L'Inde a retrouvé son atterrisseur lunaire Vikram mais n'arrive pas à entrer en contact avec lui

L'atterrisseur lunaire indien Vikram. ISRO

Après avoir perdu contact avec son atterrisseur Vikram pendant sa descente sur le sol lunaire ce samedi, l'Inde l'a finalement retrouvé à l'aide des caméras de l'orbiteur Chandrayaan 2, selon l'agence spatiale indienne ISRO. La sonde a d'ailleurs pris une image thermique de l'atterrisseur. "Oui, nous avons localisé l'atterrisseur sur la surface lunaire. L'atterrissage a dû être difficile", a déclaré le responsable de l'ISRO Dr Kailasavadivoo Sivan. Toutefois, à ce stade, on ne sait pas si l'atterrisseur a été endommagé lors de son alunissage, qui ne s'est pas passé comme prévu. On sait du moins qu'il est "entier" et "n'est pas en morceaux", a affirmé l'ISRO. 
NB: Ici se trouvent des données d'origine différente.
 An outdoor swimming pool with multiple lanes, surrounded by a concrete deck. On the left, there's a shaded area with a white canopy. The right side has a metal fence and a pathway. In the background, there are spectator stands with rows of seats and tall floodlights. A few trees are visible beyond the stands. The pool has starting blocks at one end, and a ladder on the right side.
En effet, dans une déclaration faite ce samedi à la chaîne indienne Doordarshan, le Dr Sivan a indiqué que "la dernière partie de l'opération n'a pas été exécutée correctement. C'est dans cette phase que nous avons perdu le contact avec l'atterrisseur et que nous n'avons pas pu établir le contact par la suite". Il a ajouté : "l'orbiteur a pris une image thermique de l'atterrisseur. Mais il n'y a pas encore de communication. Nous essayons d'avoir un contact. Nous communiquerons sous peu". Mais selon un représentant de l'agence spatiale indienne interrogé par Times of India sous couvert d'anonymat, "au fur et à mesure que le temps passe, il semble difficile d'établir une communication".
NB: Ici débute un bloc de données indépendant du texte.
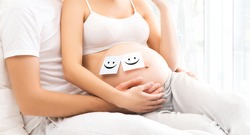 Close-up picture of man and woman awaiting a baby. Male hands on a pregnant belly.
Un autre responsable d'ISRO a ajouté que l'atterrissage difficile de Vikram pourrait rendre la communication encore plus compliquée car il est possible que l'atterrisseur ne soit pas "dans la bonne orientation" et n'ait pas atterri sur ses quatre pieds. "Le choc de l'impact a pu endommager l'atterrisseur", a-t-il estimé. Quoi qu'il en soit, l'agence spatiale indienne tentera d'établir le contact avec Vikram pendant les 14 jours à venir. 
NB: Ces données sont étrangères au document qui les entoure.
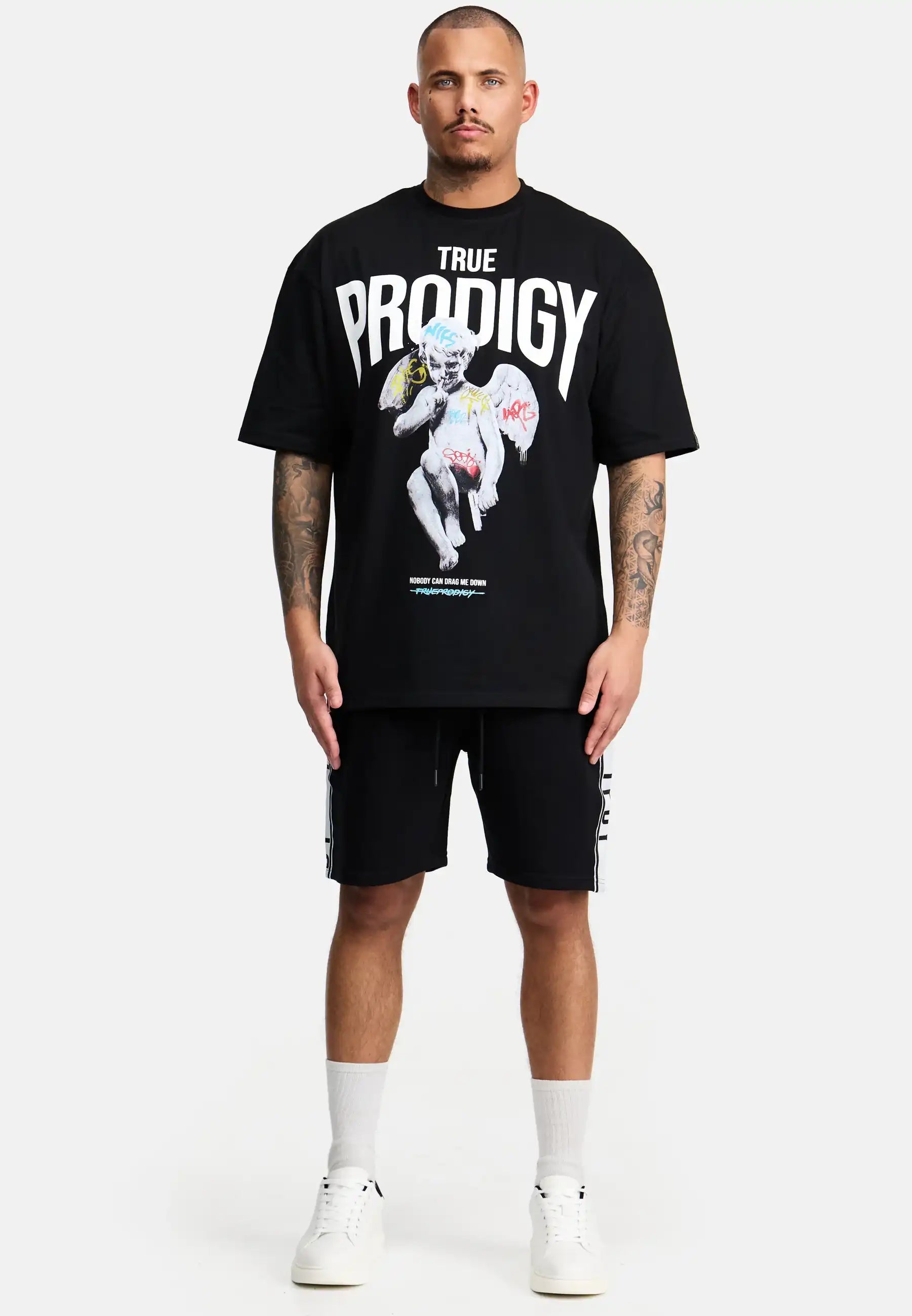 Ein Mann blickt nach vorne und trägt das trueprodigy Miles Oversized T-Shirt mit Druck in Schwarz, mit Text und einem grafischen Druck. Er kombiniert es mit schwarzen Shorts, weißen Socken und Sneakers. Der schwere Jersey-Stoff kontrastiert mit dem schlichten weißen Hintergrund.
Seuls trois pays ont réussi un alunissage sans dommage

L'atterrisseur indien a été conçu pour effectuer un alunissage en douceur sur le sol lunaire et est équipé de panneaux solaires afin de se recharger à l'énergie solaire. Il a une durée de vie d'une journée lunaire, soit 14 jours terrestres. Quelques jours avant l'atterrissage, le Pr. Bernard Foing, directeur du groupe international d'exploration lunaire et astrophysicien de l'Agence spatiale européenne (ESA), avait expliqué à Business Insider France pourquoi l'atterrissage sur la Lune de la mission indienne pouvait se résumer à "15 minutes de terreur" :

"Le plus complexe, c'est la descente. En partant d'une vitesse de 2,5 km par seconde, il faut arriver à une vitesse nulle à la surface lunaire. Sachant que 2,5 km par seconde correspond à environ huit fois la vitesse du son sur Terre".

Lancée le 22 juillet 2019, cette mission indienne à bas coûts — 124 millions d'euros — devait permettre à l'Inde de devenir le quatrième pays à réussir à se poser sans dommage sur le sol lunaire après les Etats-Unis et la Russie pendant la guerre froide, et plus récemment, la Chine, et le premier à le faire vers le pôle Sud, une région jusqu'à présent inexplorée. 

Pour l'Inde, cette mission demeure tout de même un demi-succès, puisque la première partie concernant l'orbiteur Chandrayaan 2 est fonctionnelle.